The women’s 4x100m freestyle relay got it started on Day 1 with a bronze, making Penny Oleksiak and Taylor Ruck the first ever Olympic medallists born in the 21st century.
A night later Oleksiak stood on the podium alone with a silver medal in the 100m butterfly.
On Day 3 it was Kylie Masse’s turn, tying for bronze in the 100m backstroke.
Two nights later, a first ever medal in the women’s 4x200m freestyle relay, again anchored by Oleksiak.

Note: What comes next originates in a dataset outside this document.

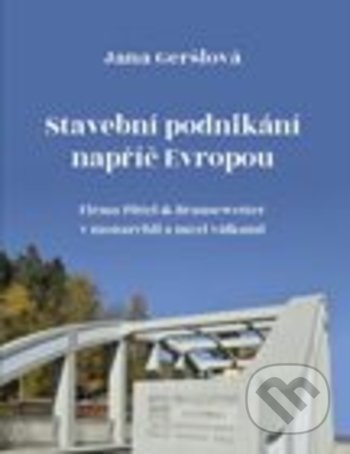 Stavební podnikání napříč Evropou - Jana Geršlová, Professional Publishing, 2017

Then on Day 6, Canada got its first gold medal of the Games as Oleksiak tied for the win in the 100m freestyle in Olympic record time. It was hard to get a handle on the historic implications. First Canadian athlete to win four medals at a single summer Games. Tying the great Victor Davis as Canada’s most decorated Olympic swimmer ever. Canada’s first Olympic champion in swimming since Barcelona 1992. The first female Canadian to earn that title since Los Angeles 1984. At 16 years and 59 days old, she was Canada’s youngest Olympic gold medallist ever.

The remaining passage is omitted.